* [Exercise brief] The lines to extract run from the first line of the material below to the line containing "Rainbow mountains (hills)", both included; leave the pictures behind.

* [Data listing]
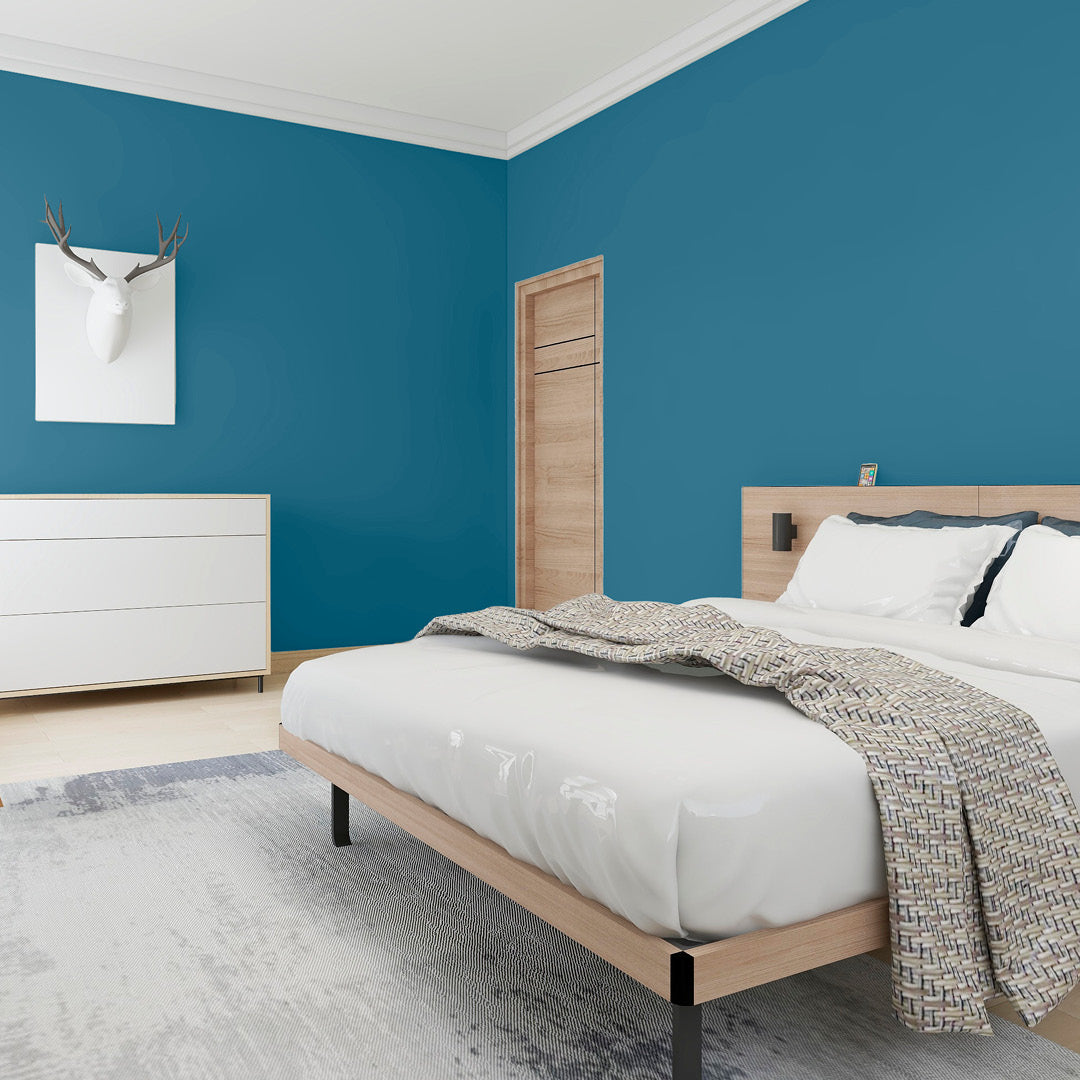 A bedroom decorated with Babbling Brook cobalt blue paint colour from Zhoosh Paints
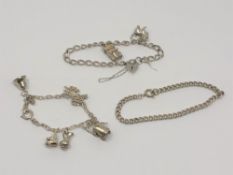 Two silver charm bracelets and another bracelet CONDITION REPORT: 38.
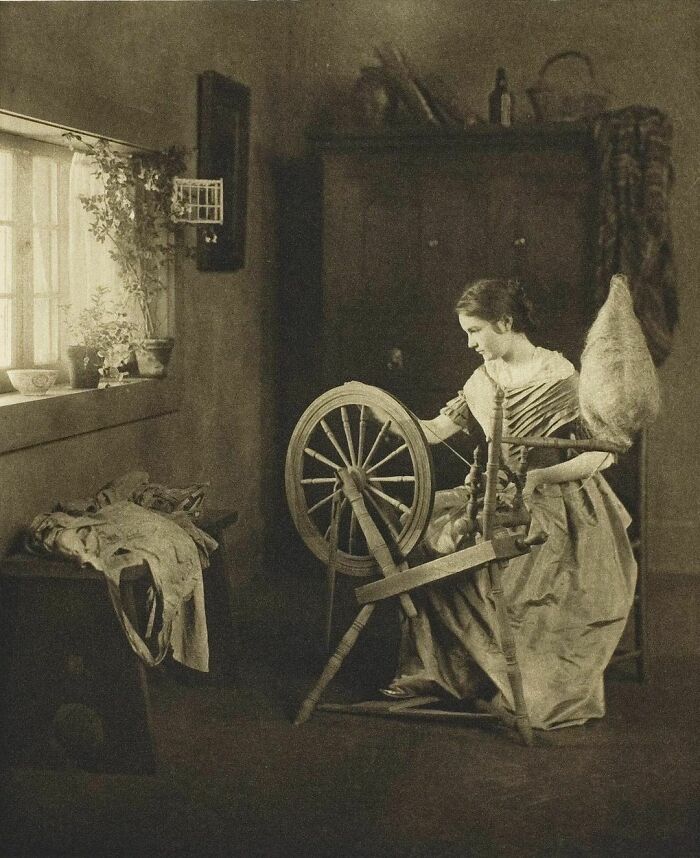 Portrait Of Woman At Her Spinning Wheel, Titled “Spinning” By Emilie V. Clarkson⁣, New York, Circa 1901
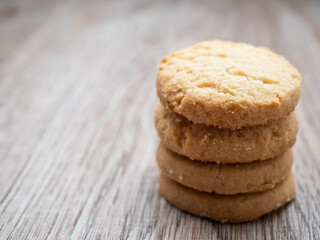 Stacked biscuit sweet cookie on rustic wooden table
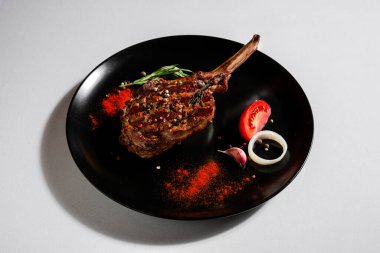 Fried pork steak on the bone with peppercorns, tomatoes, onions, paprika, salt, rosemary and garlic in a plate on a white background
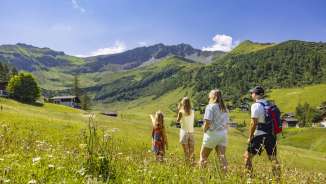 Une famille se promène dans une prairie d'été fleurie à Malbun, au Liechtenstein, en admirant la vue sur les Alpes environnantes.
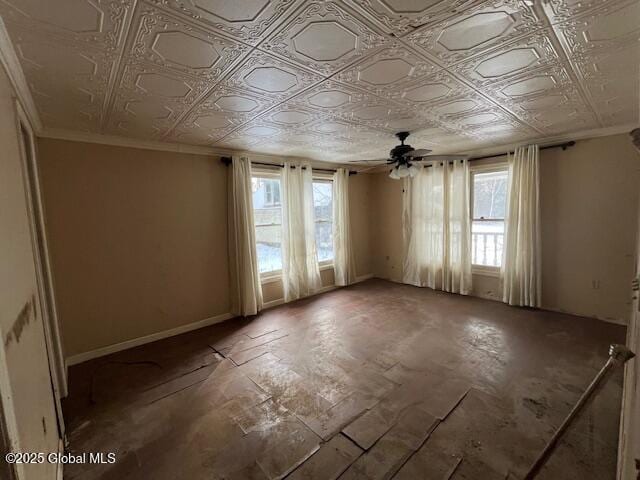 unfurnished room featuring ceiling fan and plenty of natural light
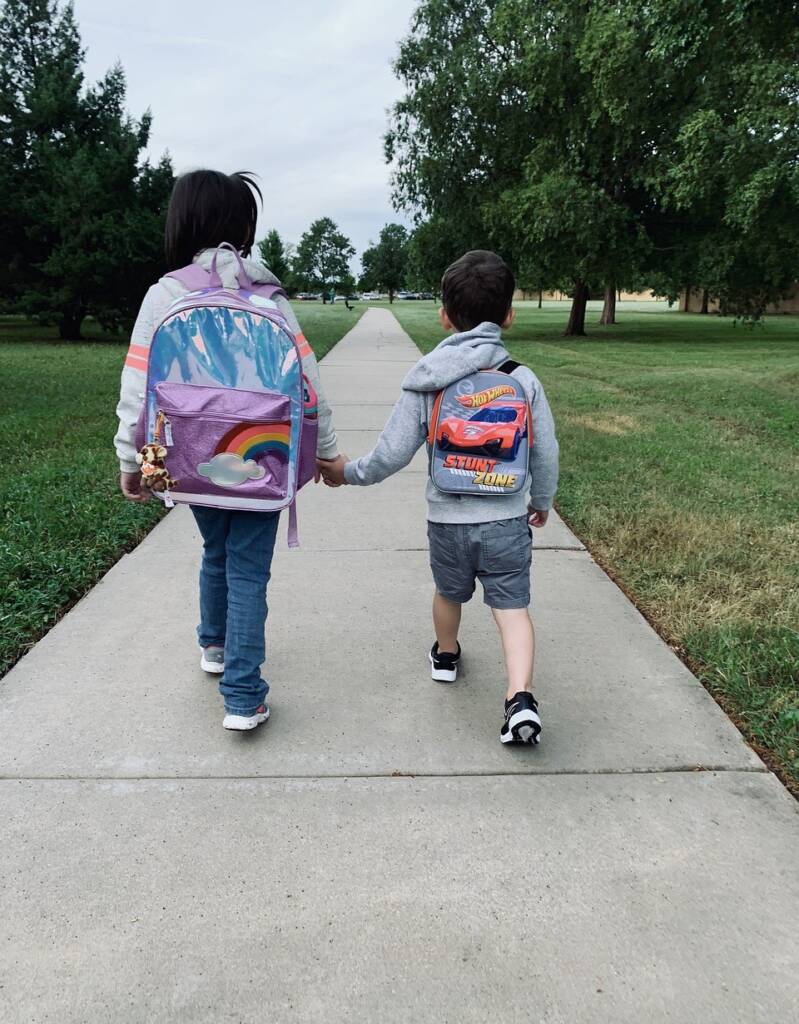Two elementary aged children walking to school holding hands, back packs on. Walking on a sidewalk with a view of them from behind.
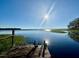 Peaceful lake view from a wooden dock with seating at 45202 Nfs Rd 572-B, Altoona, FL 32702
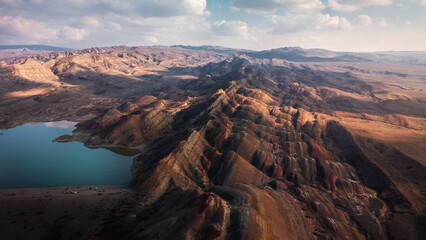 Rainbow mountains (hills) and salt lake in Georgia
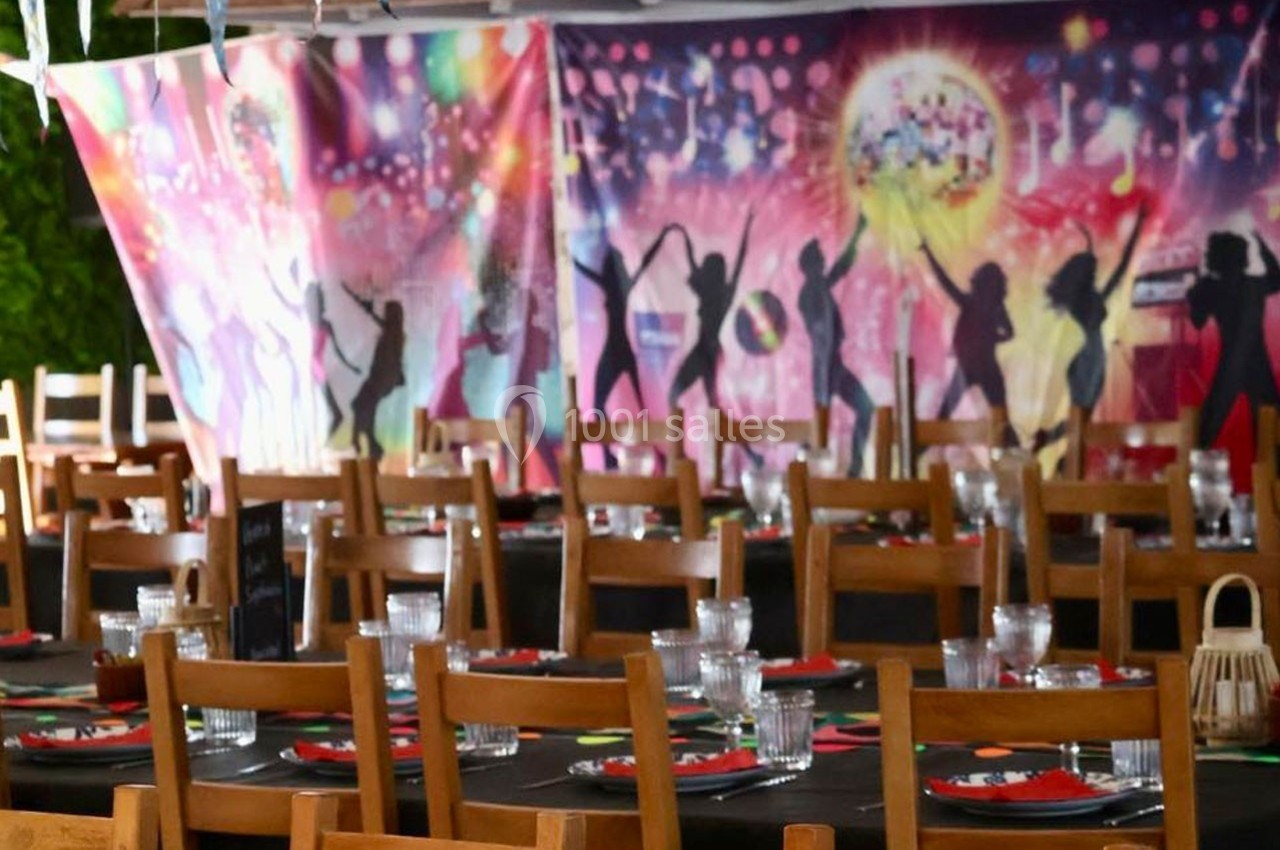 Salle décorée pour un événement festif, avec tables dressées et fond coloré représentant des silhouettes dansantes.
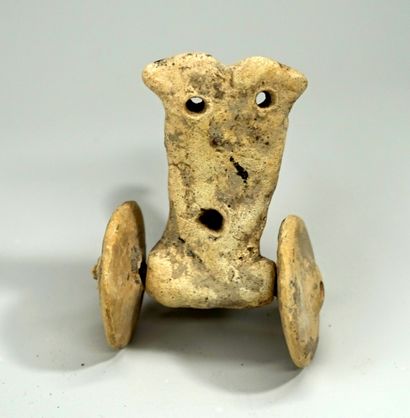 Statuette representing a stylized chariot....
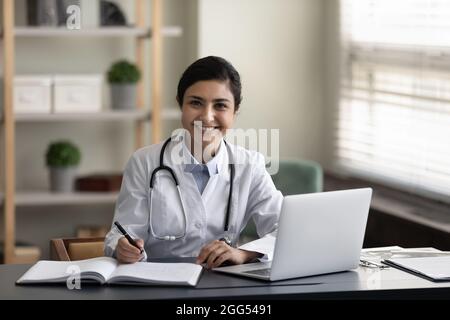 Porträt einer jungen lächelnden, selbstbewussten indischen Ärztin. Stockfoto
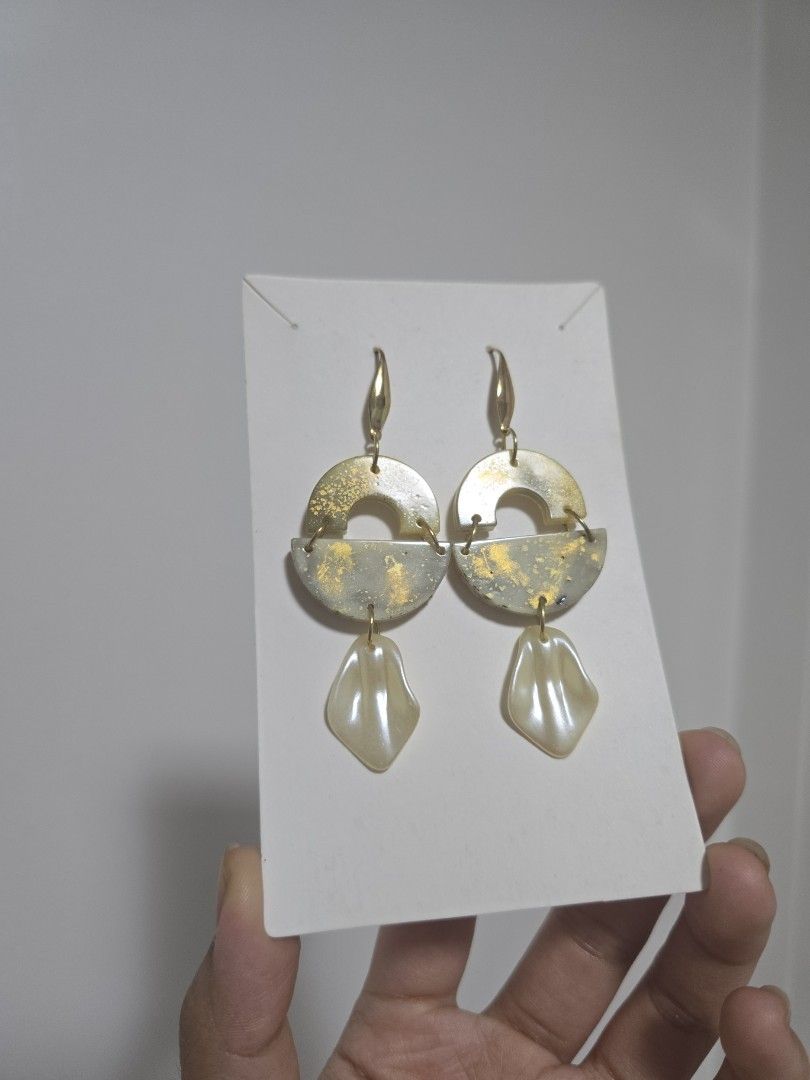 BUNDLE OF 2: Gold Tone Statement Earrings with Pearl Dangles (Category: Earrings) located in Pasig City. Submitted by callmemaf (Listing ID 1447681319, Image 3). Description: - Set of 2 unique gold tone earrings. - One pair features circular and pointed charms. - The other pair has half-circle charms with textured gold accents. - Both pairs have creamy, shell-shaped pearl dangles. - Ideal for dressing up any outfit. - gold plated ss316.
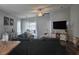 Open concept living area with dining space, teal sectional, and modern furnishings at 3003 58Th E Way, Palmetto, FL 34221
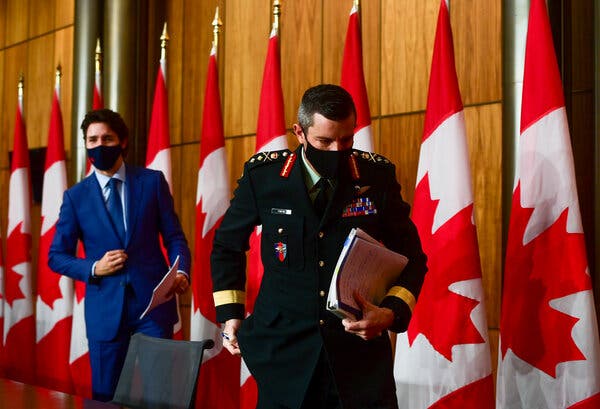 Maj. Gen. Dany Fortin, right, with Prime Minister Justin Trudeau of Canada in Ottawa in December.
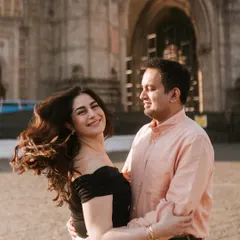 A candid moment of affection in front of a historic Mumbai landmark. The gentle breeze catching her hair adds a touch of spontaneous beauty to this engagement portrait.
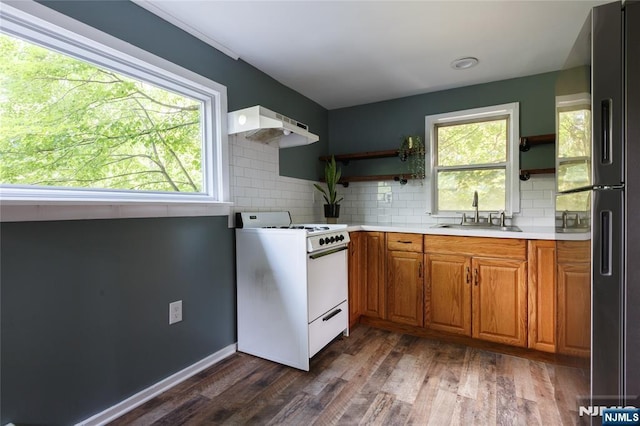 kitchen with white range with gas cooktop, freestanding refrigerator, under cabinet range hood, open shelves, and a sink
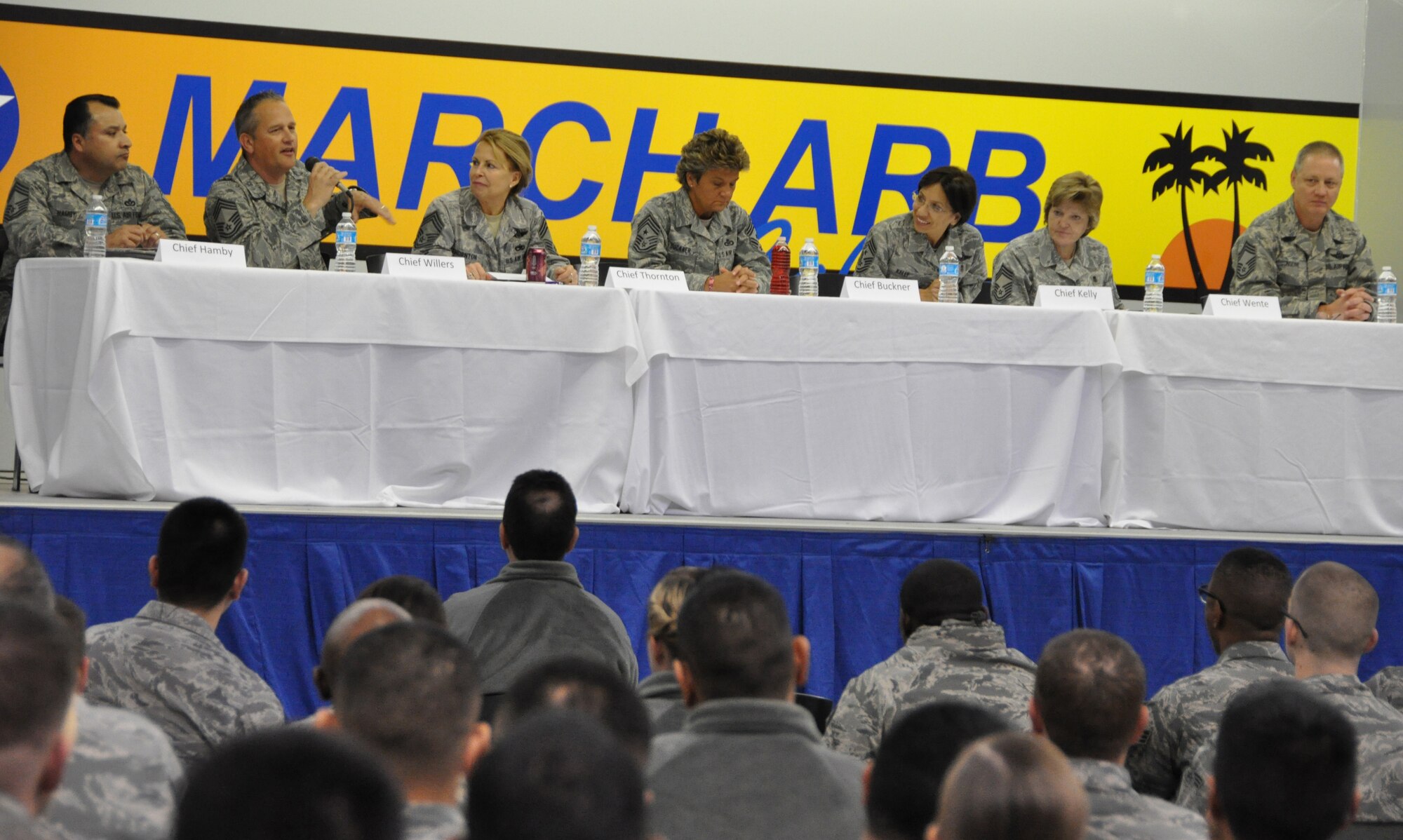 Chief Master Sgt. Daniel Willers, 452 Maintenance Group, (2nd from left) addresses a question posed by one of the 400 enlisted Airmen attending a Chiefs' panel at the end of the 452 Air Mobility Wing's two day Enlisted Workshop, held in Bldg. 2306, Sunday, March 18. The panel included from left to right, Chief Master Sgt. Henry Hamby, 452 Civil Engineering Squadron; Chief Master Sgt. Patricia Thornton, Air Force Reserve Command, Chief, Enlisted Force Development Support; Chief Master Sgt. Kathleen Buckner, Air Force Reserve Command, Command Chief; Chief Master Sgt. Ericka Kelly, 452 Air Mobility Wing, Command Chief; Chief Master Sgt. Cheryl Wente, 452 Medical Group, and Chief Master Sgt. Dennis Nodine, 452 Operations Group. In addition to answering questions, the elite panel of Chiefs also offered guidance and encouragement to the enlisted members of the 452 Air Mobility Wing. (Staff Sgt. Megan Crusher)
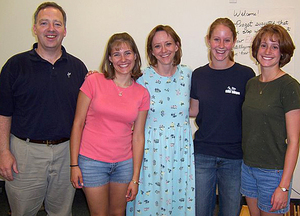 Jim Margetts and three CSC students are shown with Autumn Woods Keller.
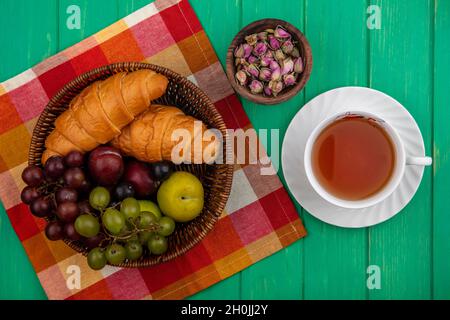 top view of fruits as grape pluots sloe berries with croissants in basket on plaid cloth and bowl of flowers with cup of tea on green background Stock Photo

* [Result for this task]
 A bedroom decorated with Babbling Brook cobalt blue paint colour from Zhoosh Paints
 Two silver charm bracelets and another bracelet CONDITION REPORT: 38.
 Portrait Of Woman At Her Spinning Wheel, Titled “Spinning” By Emilie V. Clarkson⁣, New York, Circa 1901
 Stacked biscuit sweet cookie on rustic wooden table
 Fried pork steak on the bone with peppercorns, tomatoes, onions, paprika, salt, rosemary and garlic in a plate on a white background
 Une famille se promène dans une prairie d'été fleurie à Malbun, au Liechtenstein, en admirant la vue sur les Alpes environnantes.
 unfurnished room featuring ceiling fan and plenty of natural light
Two elementary aged children walking to school holding hands, back packs on. Walking on a sidewalk with a view of them from behind.
 Peaceful lake view from a wooden dock with seating at 45202 Nfs Rd 572-B, Altoona, FL 32702
 Rainbow mountains (hills) and salt lake in Georgia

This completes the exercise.